Having ventured so far by way of preface, it is quite possible that the reader may have concluded that something exceptionally marvellous is to follow. Disappointment was inevitable from the first. The relation of some of the quaint distinguishing traits of the Island fauna must be left until the historian imagines that he has established a reputation for subduing, rather than heightening, the tone of his facts. This introduction has not a particular but a wide bearing.
Chief among the birds of prey are the osprey, the white-headed sea-eagle, and the white-bellied sea-eagle. The great wedge-tailed eagle (eagle-hawk) is a rare visitor, and is not a fisher. The others are resident and are industrious practisers of the art which, according to their interpretation, is anything but gentle. As they indulge in it, the sport is so rough and boisterous and clumsy that one wonders that so many fish should be caught. Each soars over the sea in circles at a height of about 60 feet or 80 feet, and when fish are seen flies down and, plunging into the water, seizes its prey with its talons. Unless the bird is watched closely its attitudes while preparing for the downward cast and during the descent are misunderstood. “And like a thunderbolt he falls” is quite, according to local observations, an erroneous description of the feat performed by the fishing eagle. Take as an example of the others the actions of the noble bird the white-headed sea-eagle. As it circles over the blue water its gaze is fixed and intent. Flight seems automatic — steady, fairly swift, rippleless. Immediately a fish is sighted, attitudes and poses become comparatively strained and awkward. Flight is checked by the enormous brake-power of outspread tail, and backward beating wing. The eagle poises over the spot, stretches out its legs, and extends its talons to the utmost; flies down in a series of zig-zags, and with the facial expression of the dirty boy undergoing the torture of face-washing, plunges breast first with outstretched wings with a mighty splash into the water. Disappearing for four or five seconds, it finds it no easy task to rise with a two-pound mullet.
Splendid as the feat undoubtedly is, it does not coincide with the description usually given. Have we not often been told of the headlong, lightning like drop that almost baffles eyesight? The circumstance that baffles is that fish are so unobservant or so slow that they do not always, in place of sometimes, escape. For the excuse of the fish it must be acknowledged that very few members of the tribe are fitted with eyes for star-gazing. The eagle captures a dinner, not by the exercise of any very remarkable fleetness or adaptiveness or passion for fishing, but because of certain physical limitations on the part of the fish.
“As is the osprey to the fish, who takes it
By sovereignty of nature.”
The subserviency of fish to the osprey was noted by the ancients, who attributed a fabulous power of fascination to the bird so that as it flew over the ponds the fish “turned their glistering bellies up” that it might take liberal choice. Certainly some limitation on the part of the fish seems to operate in favour of the osprey, otherwise the clumsy fisher would oft go hungry.

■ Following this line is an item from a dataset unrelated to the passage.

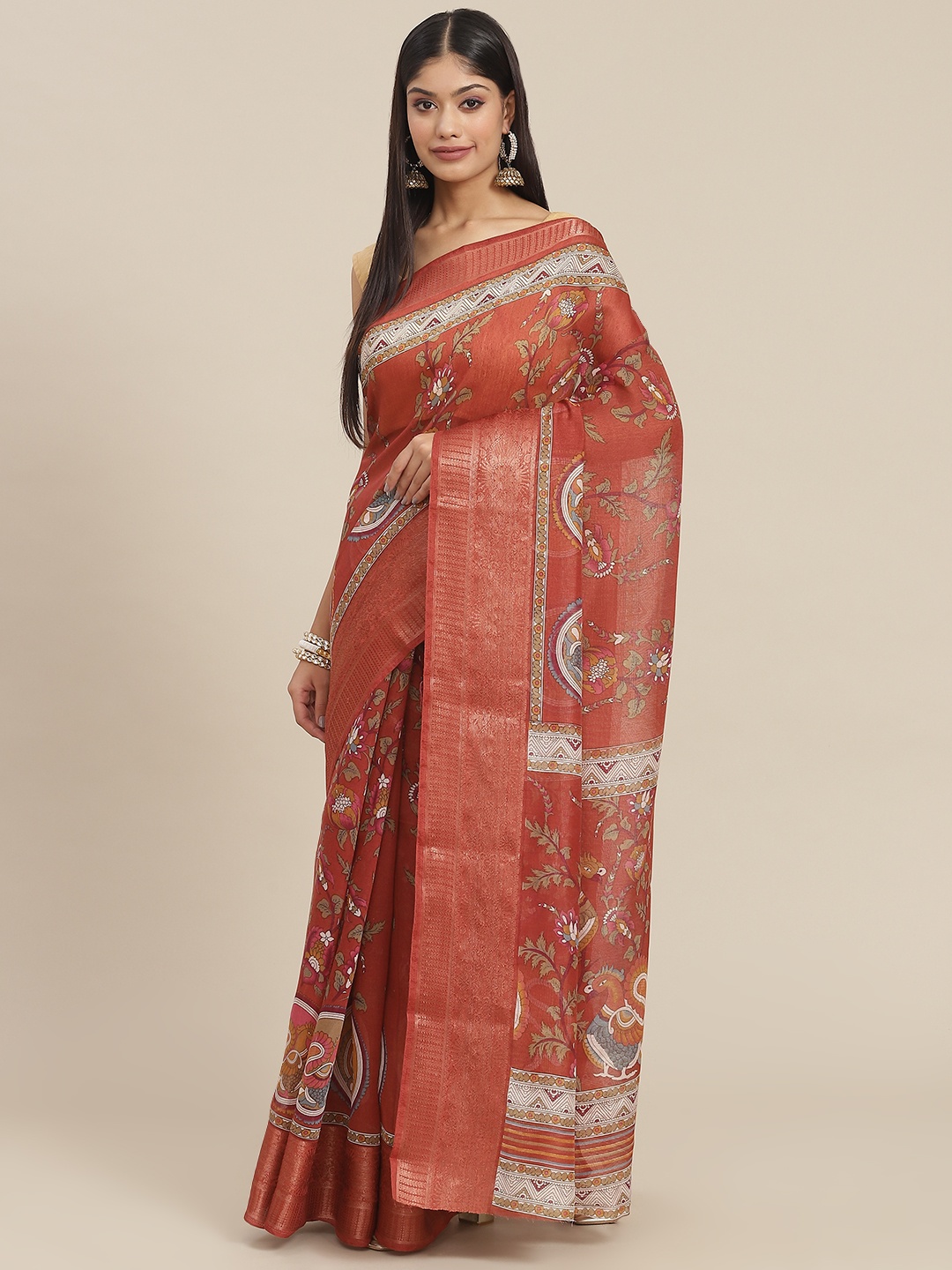 SHANGRILA Maroon Kalamkari Pure Cotton Ready to Wear Kanjeevaram Saree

It goes against the grain to speak slightingly of the knightly, white-headed sea-eagle — a friend and almost a companion; but as any one may see that it fishes not for the sport but for the pot, and that the plunge into the water is a shock that is dreaded, no injustice is done. Some birds — and they the most graceful — seem to fish for sport alone. These three fishers fish because, like Kipling’s kangaroo, they have to — only the kangaroo hopped.
Now, the white-headed sea-eagle, which seems, and with good reason, to be proud of its ruddy back, appears to have no enemy of its kind. While the osprey and the white-bellied sea-eagle fall out and chide and fight, it looks down from some superior height and placidly watches the fish trap, for though knightly it is not above accepting tribute, for it likes fish though it hates fishing.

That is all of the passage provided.